UMG fired back at Drake’s appeal, arguing his lawsuit would destroy Hip-Hop’s creative foundation built on wordplay.

Drake just got absolutely demolished in court documents filed by Universal Music Group over his appeal in the “Not Like Us” defamation lawsuit.

UMG’s legal team came out swinging on Friday, arguing that the Toronto rapper is trying to strip context from Hip-Hop’s most fundamental creative elements to win a case that should’ve stayed dead.

The music giant’s response brief makes it crystal clear: Drake’s attempt to treat Kendrick Lamar’s diss track like a factual statement is legally baseless and would destroy everything that makes rap music work.

Drake sued UMG back in January 2025 after Kendrick Lamar dropped “Not Like Us” in May 2024, the knockout punch in their brutal rap battle that called him a “certified pedophile.”

A federal judge dismissed the entire case in October, ruling that reasonable listeners understand rap insults aren’t statements of fact.

Drake appealed that dismissal in January, claiming millions of people actually believed the lyric and suffered real reputational damage. UMG’s lawyers basically said that the argument is nonsense.

“That is not the law, and Drake’s view would critically undermine a highly creative art form built on exaggeration, insult, and wordplay,” UMG wrote in their response brief according to Billboard.

The label pointed out that Drake himself had thrown equally vicious accusations at Kendrick, claiming he beat his fiancée and didn’t father one of his kids.

That’s the entire genre.
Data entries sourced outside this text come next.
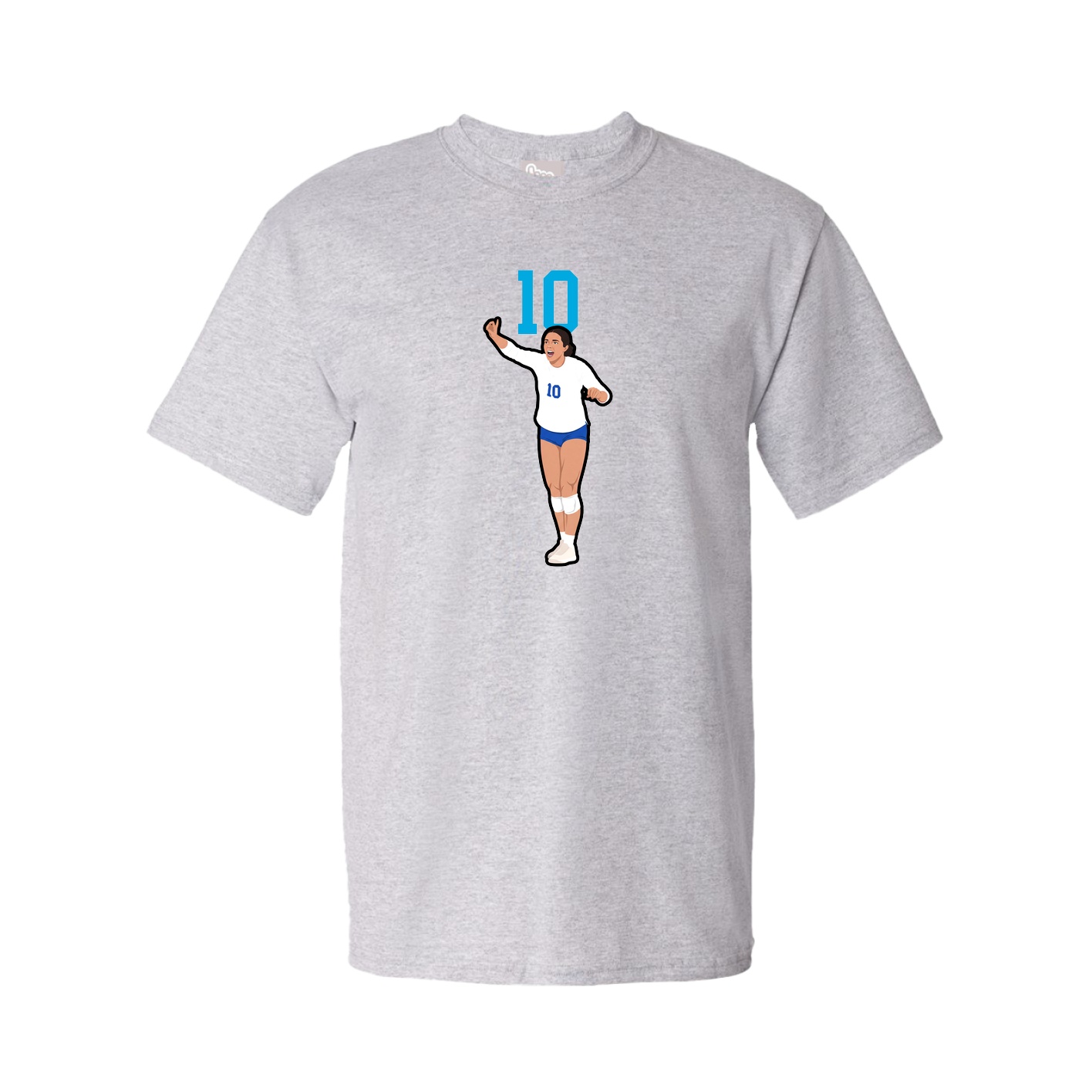Youth Tee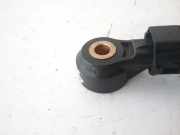 Klopfsensor OPEL ASTRA H (L48) 1.6 24435095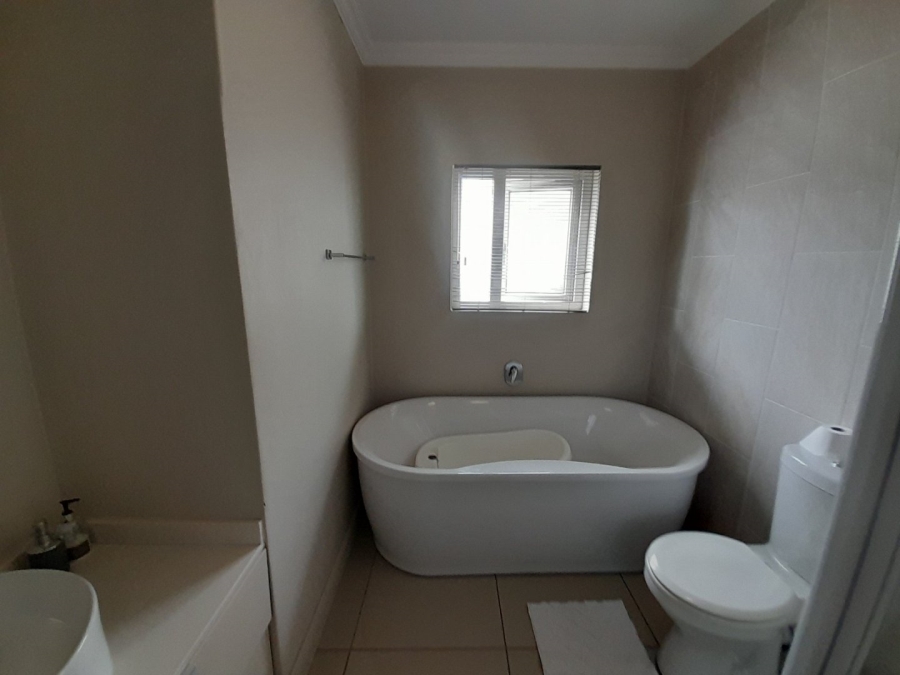 3 Bedroom Property for Sale in Kyalami Hills Gauteng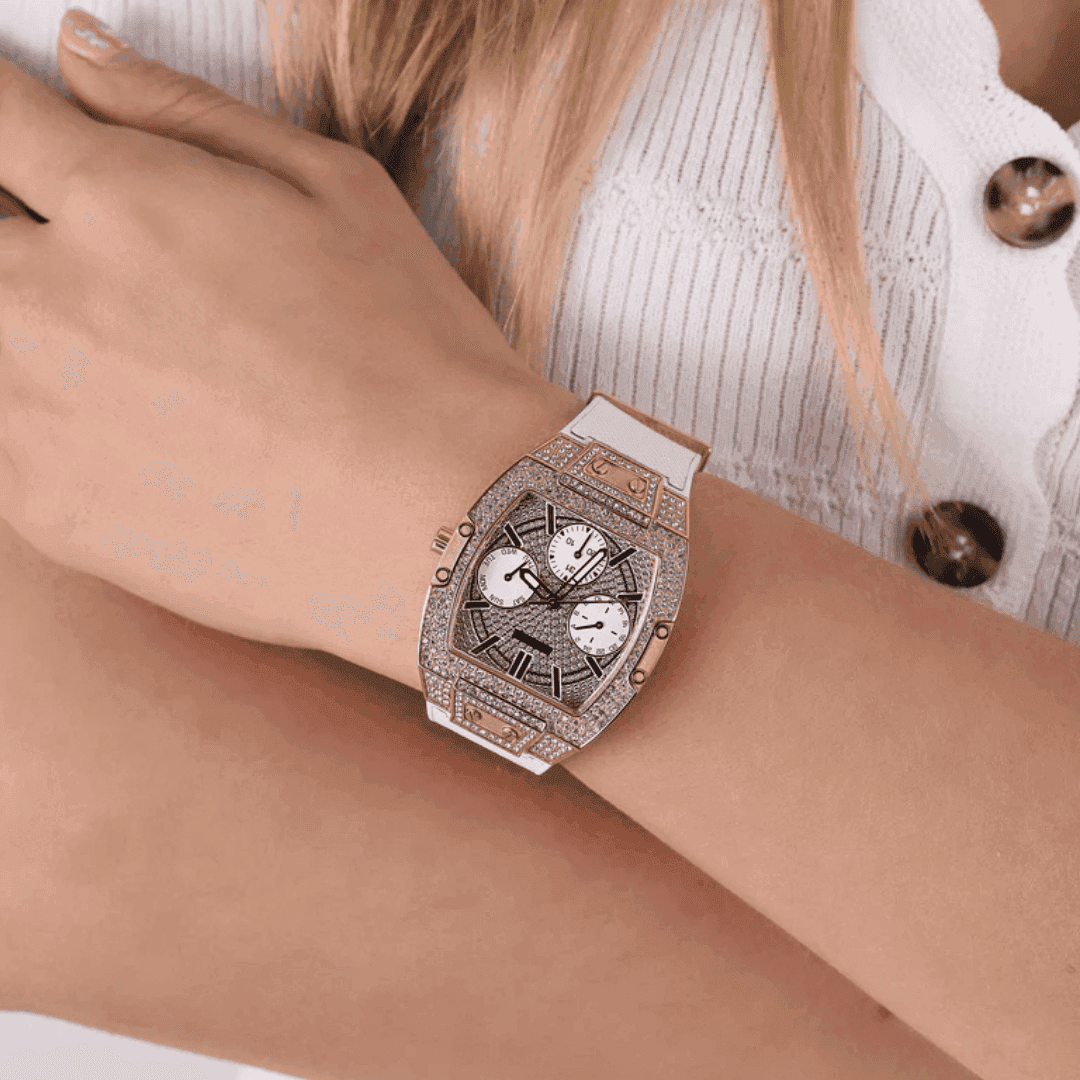 Original-Guess-Women-Watch-Raven-GW0105L3-5.png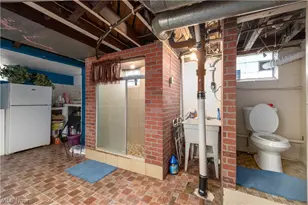 4480 W 57th St, Loveland, OH 44144 - Photo 34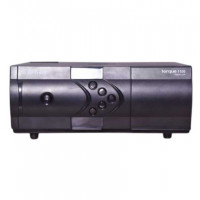 Sukam 1000VA Torque IPS Inverter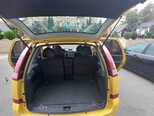 Opel Meriva-6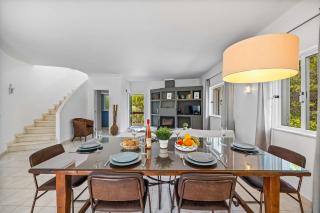 Villa Amoreira by Villa Plus - Lagoa - 5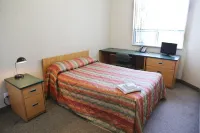 Residence & Conference Centre- Barrie Hotels in Barrie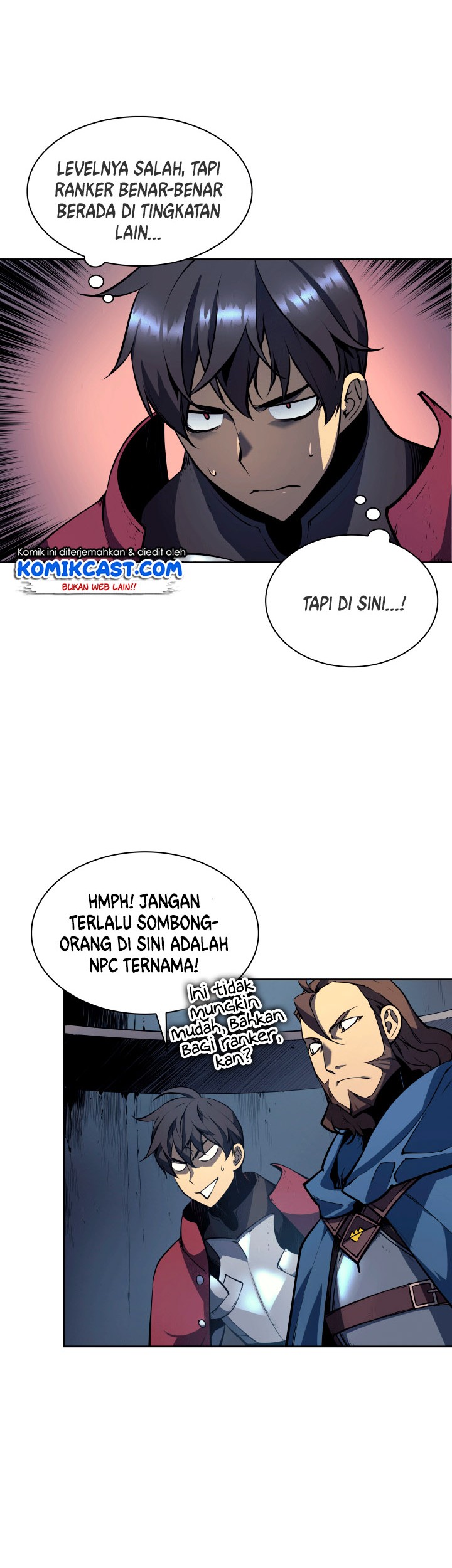 Chapter 6 - halaman 8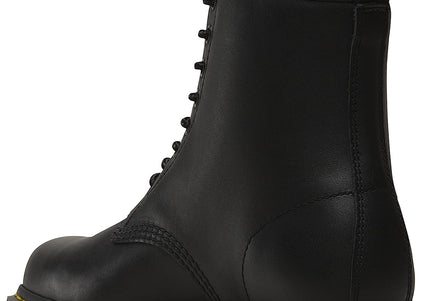 DR. MARTENS 1460 SR WOMEN BOOTS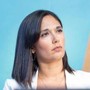 Rai, Giulia Presutti spostata alla redazione di 'Mi manda Rai3' dopo rinuncia a conduzione Report Rai, Giulia Presutti spostata alla redazione di 'Mi manda Rai3' dopo rinuncia a conduzione Report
That’s how rap works. You don’t get to suddenly pretend it’s literal when you’re the one losing the battle.

The legal team emphasized that “‘Not Like Us’ falls within a genre typified by inflammatory putdowns, epithets, vulgarity, and hyperbole.”

Ripping words out of context and pretending they’re defamatory statements has zero legal foundation. Judge Jeannette Vargas already established that hyperbolic opinions in rap can’t be defamatory because no reasonable person would take them as provable facts.